# FireBrat Nutritional Value?



## jbherpin (Oct 16, 2009)

I have been in the amphibian "business" for quite some time, and a lot of friends of mine(I have used them on and off for newts and sals) use FireBrats. I like them as food prey, and know my Tincs would eat them. My question is are they a good source of nutrition? Not that I would swap feedings of FFs with these, but if I were to introduce some FBs once in a while into the viv, I'd like to know what they "bring to the table" as far as nutritional benefits. Would they pose a threat to the frogs if used in a "seeding" fashion?

Thanks in advance!

JBear


----------



## tim13 (Feb 1, 2011)

They require temps.
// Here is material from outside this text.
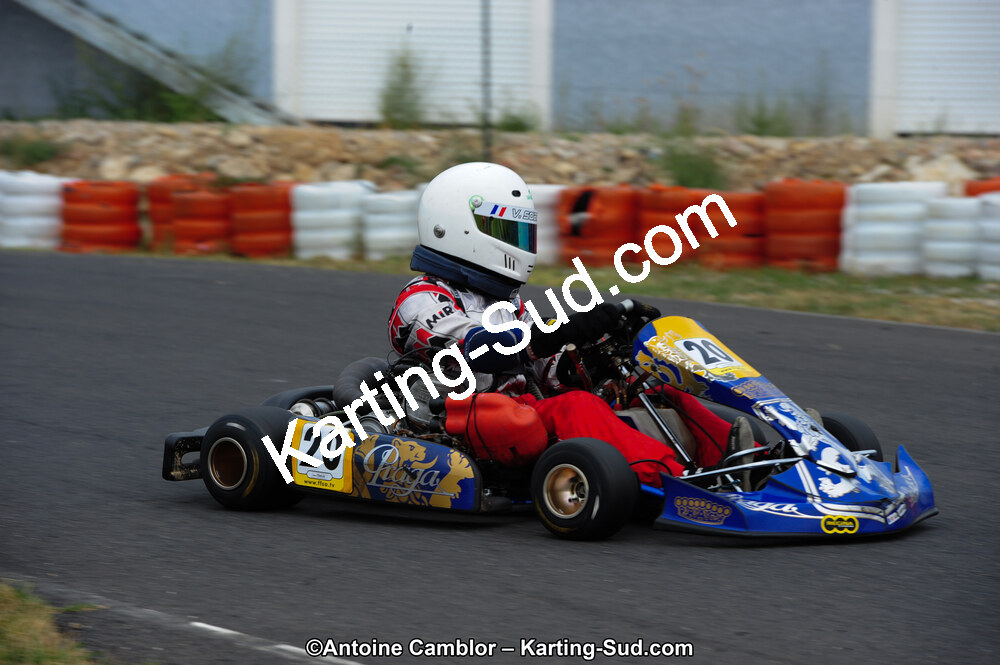 23/09/2012 : 5ème manche du Championnat du Sud 2012 à Ganges (Photos Antoine Camblor) 2012 — karting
That are too high for frogs. Im pretty sure firebrats like temps in the 90's to breed. I don't think you could seed firebrats without specifically making a refugium designed for them.


----------



## jbherpin (Oct 16, 2009)

Aside from seeding them, would they be a suitable varient in a captive Dart Frog's diet? Is anyone using them who can share some experiences with me?

Thanks!

JBear


----------



## BBJ (Feb 26, 2010)

We have used them before over here, where they are a somewhat common feeder insect. I am sure nutritionally they are fine although i dont know any specifics.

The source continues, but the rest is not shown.